To evaluate how image censorship functions, Citizen Lab researchers devised a series of tests that revealed the ways in which filters would reject or allow images in Moments. They discovered that the OCR-based algorithm has details common to many standard OCR algorithms in that it converts images to grayscale and uses blob merging to consolidate characters. Additionally, they found that the visual-based algorithm is not based on any machine learning approach that uses high level classification of an image to determine whether it is sensitive or not.
By analyzing and understanding how both the OCR- and visual-based filtering algorithms operate, researchers discovered weaknesses in both algorithms that would allow a user to upload images perceptually similar to those prohibited but that evade filtering.
For instance, choosing the background color of an image’s text such that both the text and its background become the same shade of gray after WeChat converts it to grayscale allows the text to appear visible to a user but would subvert censors.
Table 1. An image with green text and a background colour of gray with the same shade as the text according to the luminosity formula for grayscale and how the text would appear to an OCR algorithm according to three different grayscale algorithms.
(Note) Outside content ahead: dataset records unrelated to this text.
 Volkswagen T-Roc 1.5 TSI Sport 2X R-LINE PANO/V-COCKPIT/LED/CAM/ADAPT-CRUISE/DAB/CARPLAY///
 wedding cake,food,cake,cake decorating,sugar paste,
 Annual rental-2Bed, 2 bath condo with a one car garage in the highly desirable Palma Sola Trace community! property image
If the OCR algorithm uses the same grayscale algorithm that we used to determine the intensity of the gray background, then the text effectively disappears to the algorithm.
The researchers also found mirroring, rotating or changing the aspect ratios of a censored image would evade the visual-based filters.
According to Knockel, this in-depth analysis sheds light on how companies like Tencent, WeChat’s owner, operate within an environment like China
“The algorithms to perform this kind of image filtering are computationally expensive in terms of time and energy. Performing this type of filtering is the last thing Tencent wants to be wasting money on, but the fact that it does suggests that there is a large amount of pressure Tencent receives from the Chinese government to implement it.”
The report also suggests that, while pervasive, censorship in the country is not impervious to evasion.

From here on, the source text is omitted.